> _What to do_:
Write out the entries verbatim and leave the images out of the copy.

*** Opening Data supplied ***

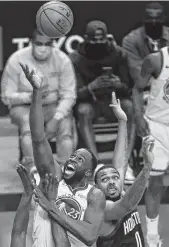  ?? Yi-Chin Lee / Staff photograph­er ?? The Warriors’ Draymond Green scores over Rockets guard Sterling Brown on his way to a triple-double.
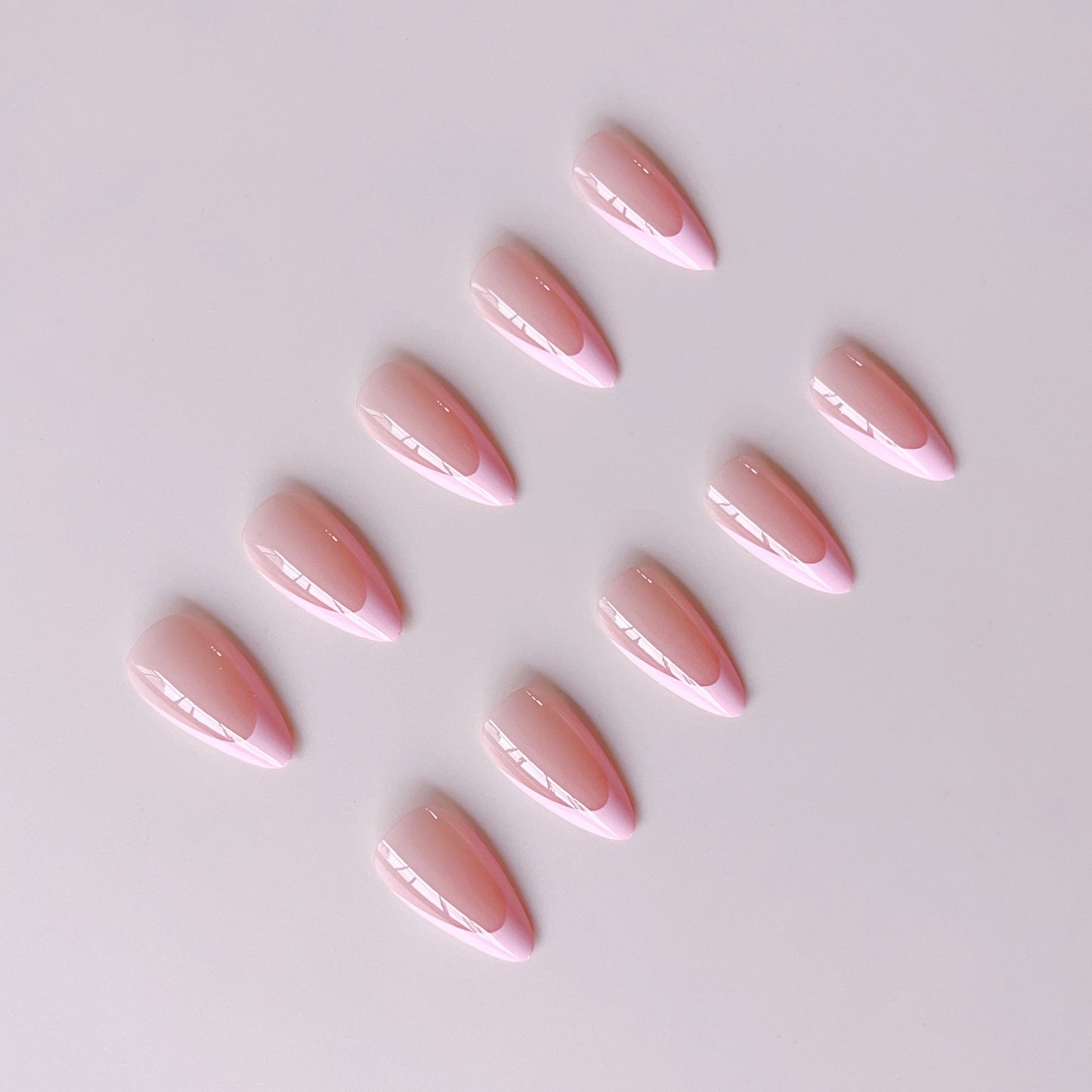 Luxus Kunstnagelspitzen mit elegantem französischen Design Brehn
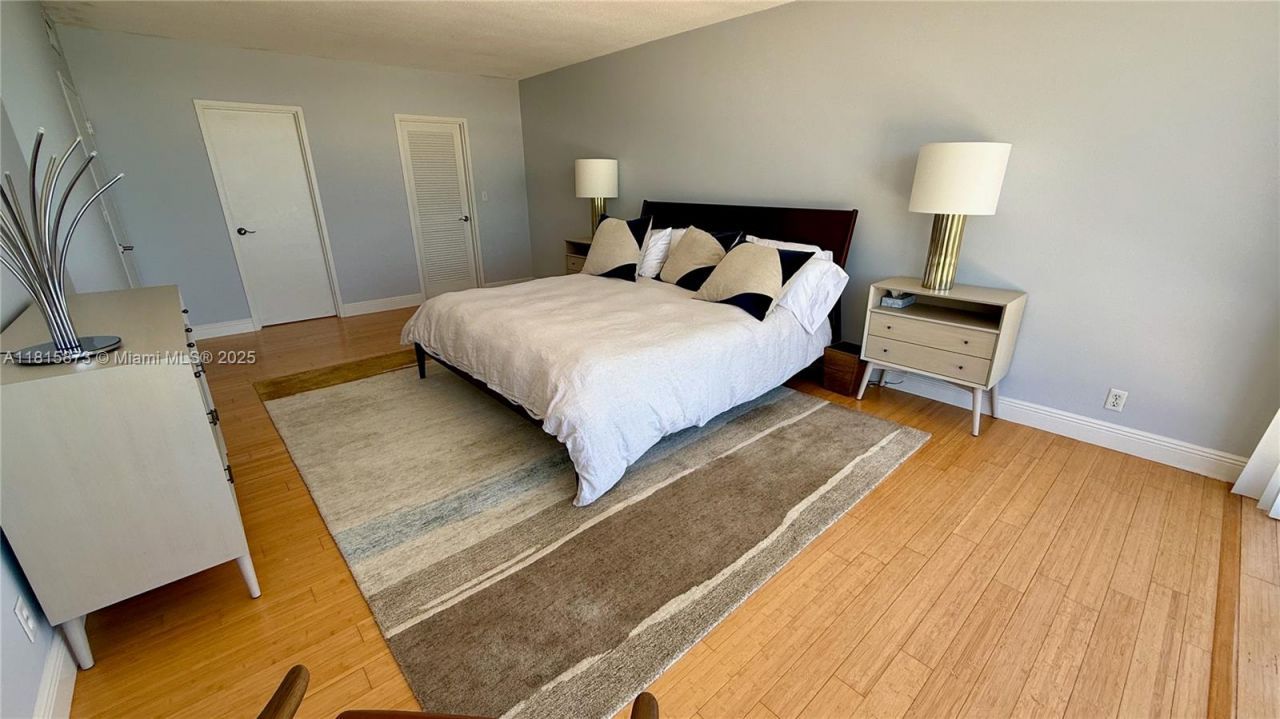 900 Bay Dr, Unit 727-725, Miami Beach, FL 33141 Photo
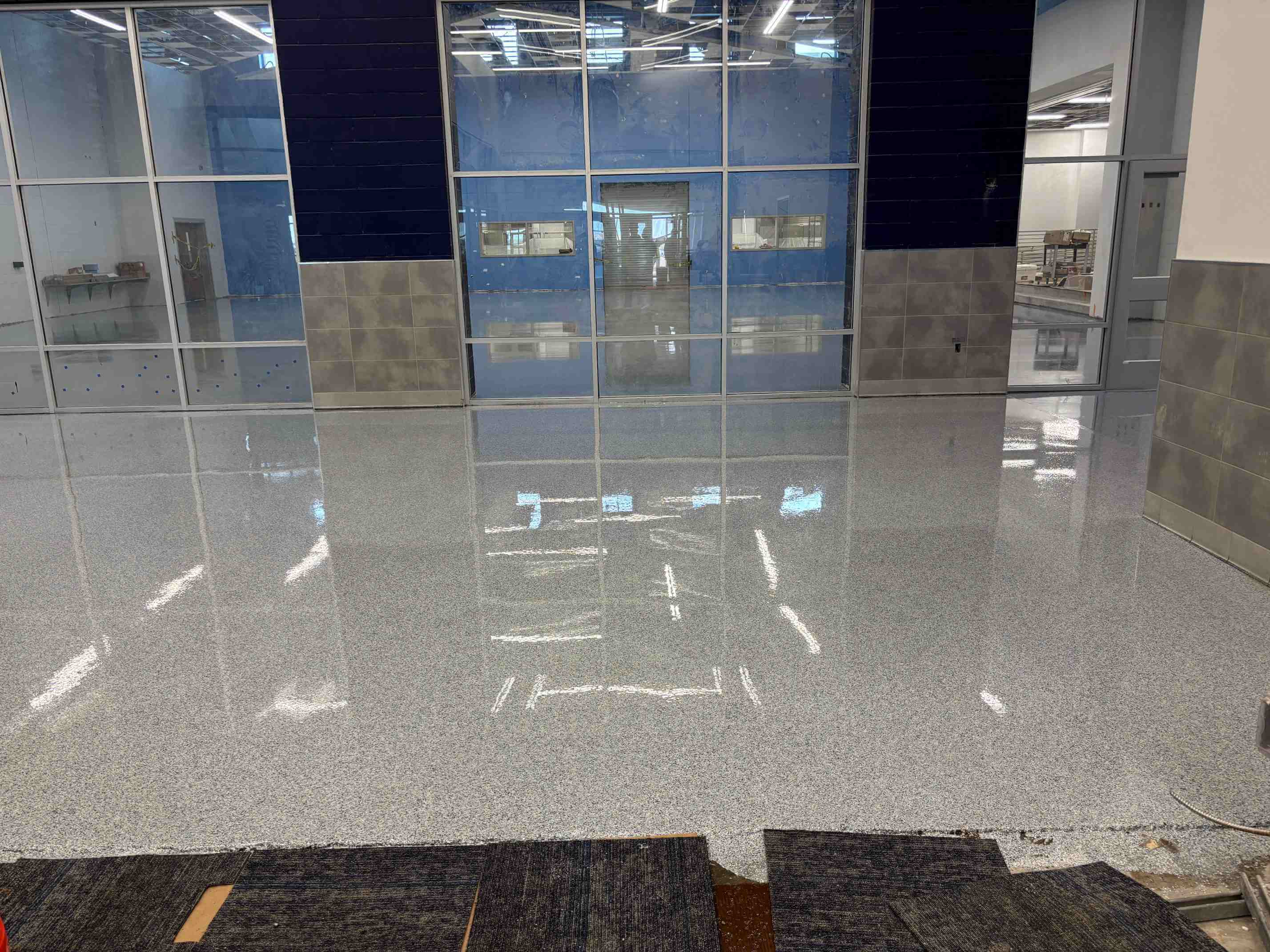 greenwood-isd-gray-flake-floor-glass-classrooms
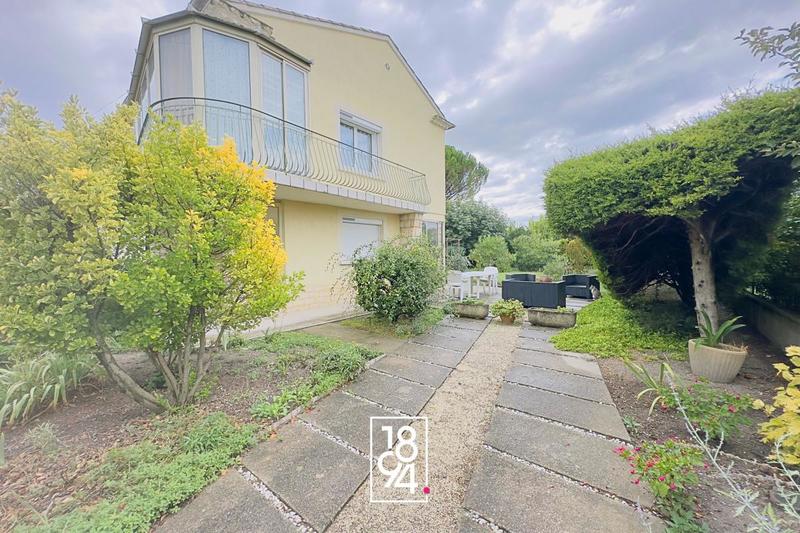 Villa - 131 m² - 6 pièces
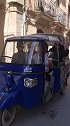 西西里的城市撒拉库萨街头的嘟嘟车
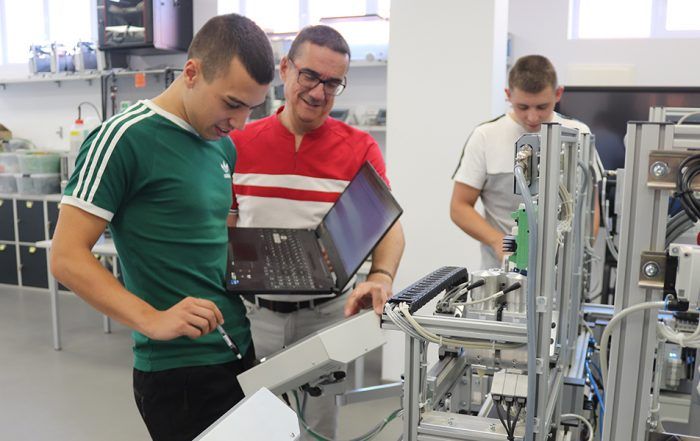 Escuela laboral 64 de innovación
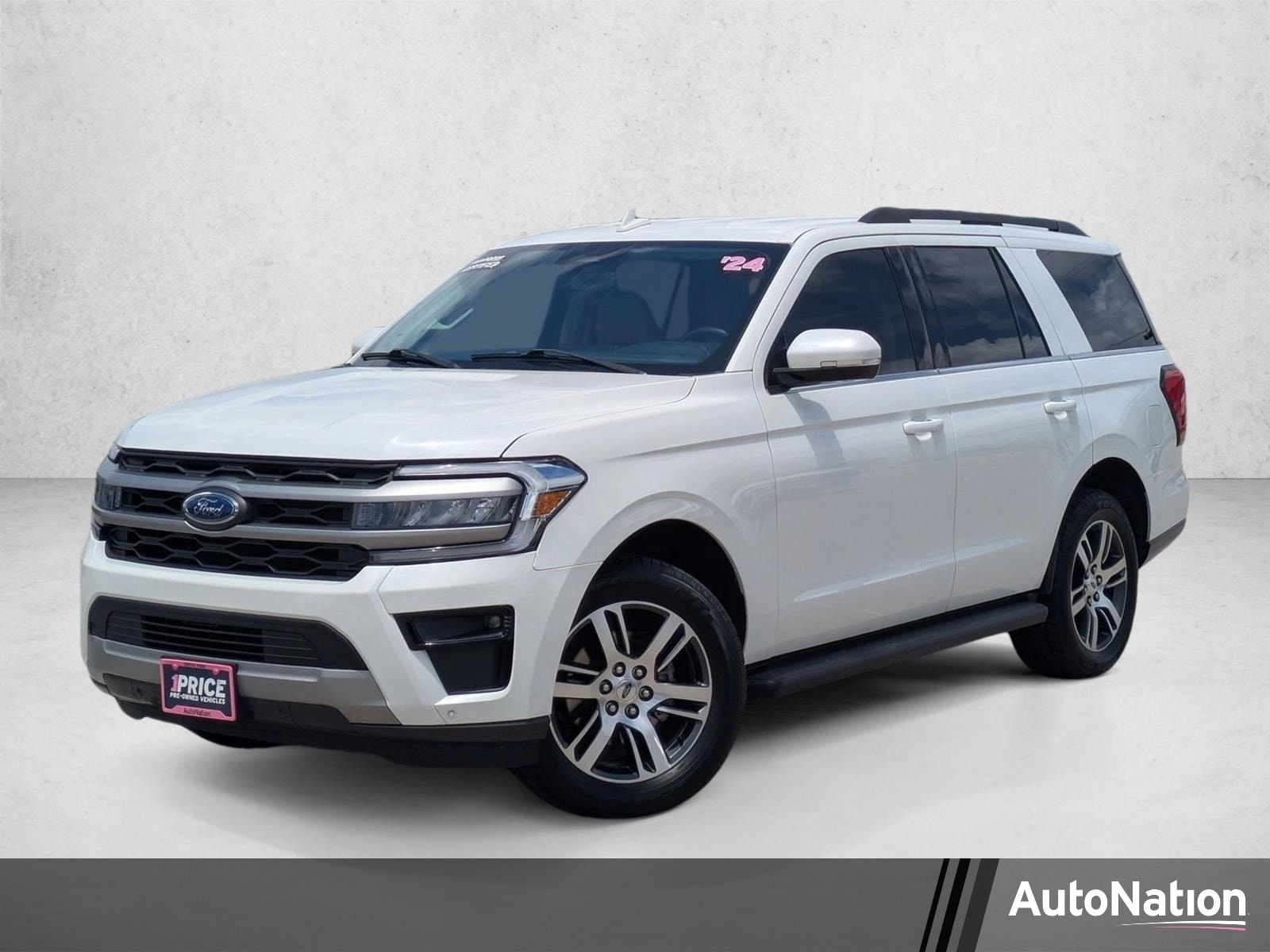 2024 Ford Expedition XLT's photo
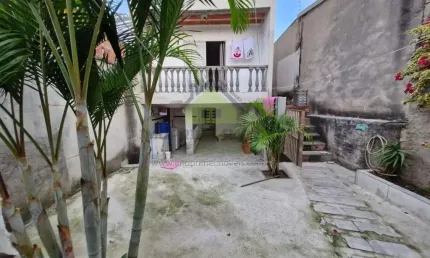 Casa para Venda em Jacareí / SP no bairro JARDIM COLONIA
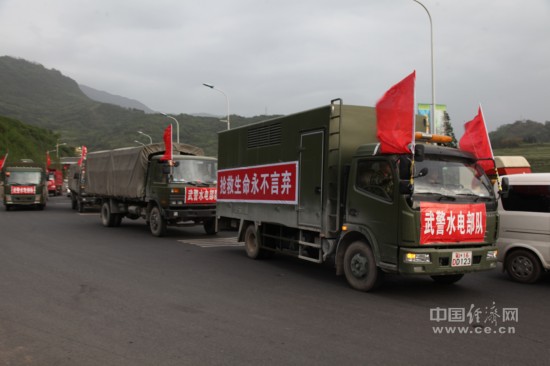 各路抢险救援大军奔赴芦山4.20地震灾区(组图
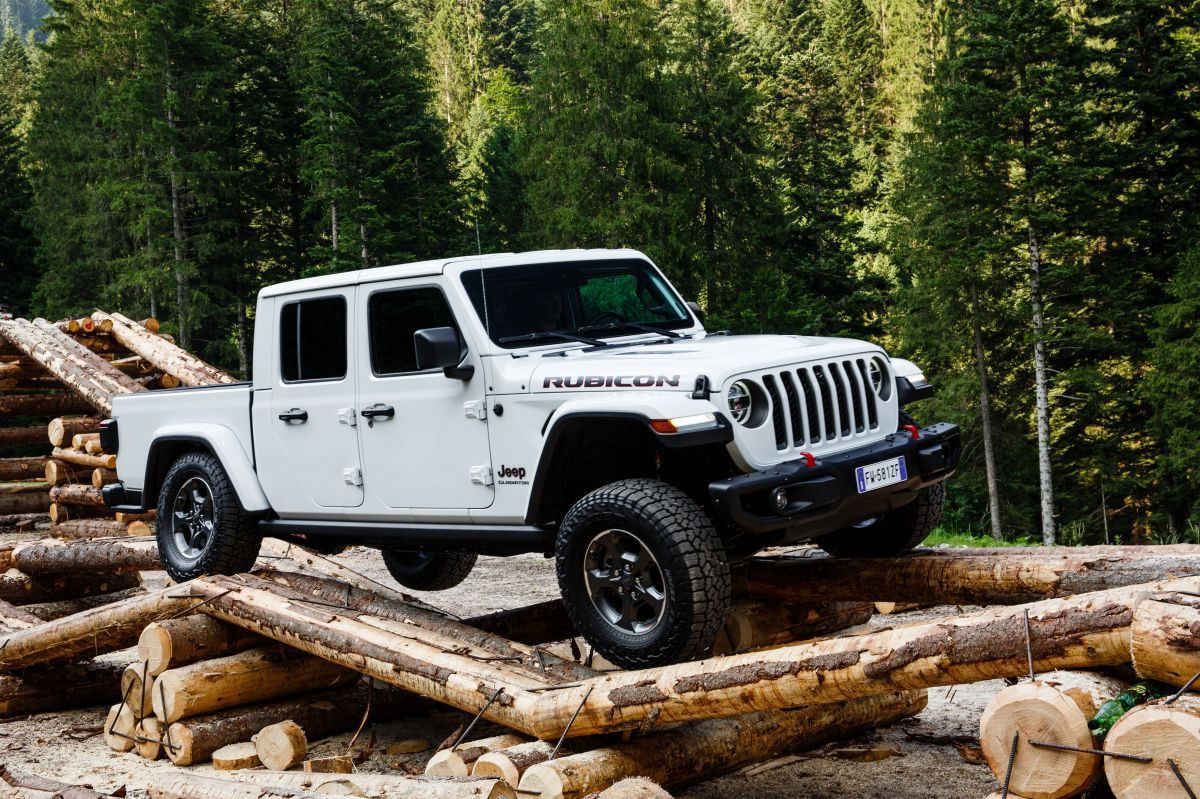 Misterioso prototipo aviva los rumores de un posible Jeep Gladiator V8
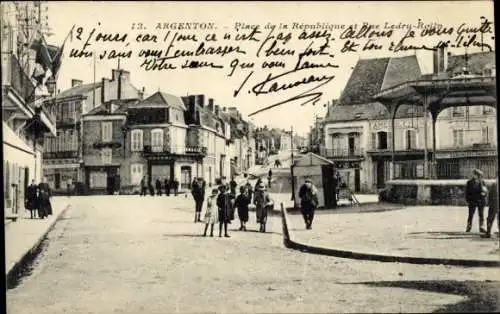 Ak Argenton sur Creuse Indre, Historische Stadtansicht, Platz der Republik, Gruppen von Menschen,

*** Closing Data supplied ***

> _Response below_:
  ?? Yi-Chin Lee / Staff photograph­er ?? The Warriors’ Draymond Green scores over Rockets guard Sterling Brown on his way to a triple-double.
 Luxus Kunstnagelspitzen mit elegantem französischen Design Brehn
 900 Bay Dr, Unit 727-725, Miami Beach, FL 33141 Photo
 greenwood-isd-gray-flake-floor-glass-classrooms
 Villa - 131 m² - 6 pièces
 西西里的城市撒拉库萨街头的嘟嘟车
 Escuela laboral 64 de innovación
 2024 Ford Expedition XLT's photo
 Casa para Venda em Jacareí / SP no bairro JARDIM COLONIA
 各路抢险救援大军奔赴芦山4.20地震灾区(组图
 Misterioso prototipo aviva los rumores de un posible Jeep Gladiator V8
 Ak Argenton sur Creuse Indre, Historische Stadtansicht, Platz der Republik, Gruppen von Menschen,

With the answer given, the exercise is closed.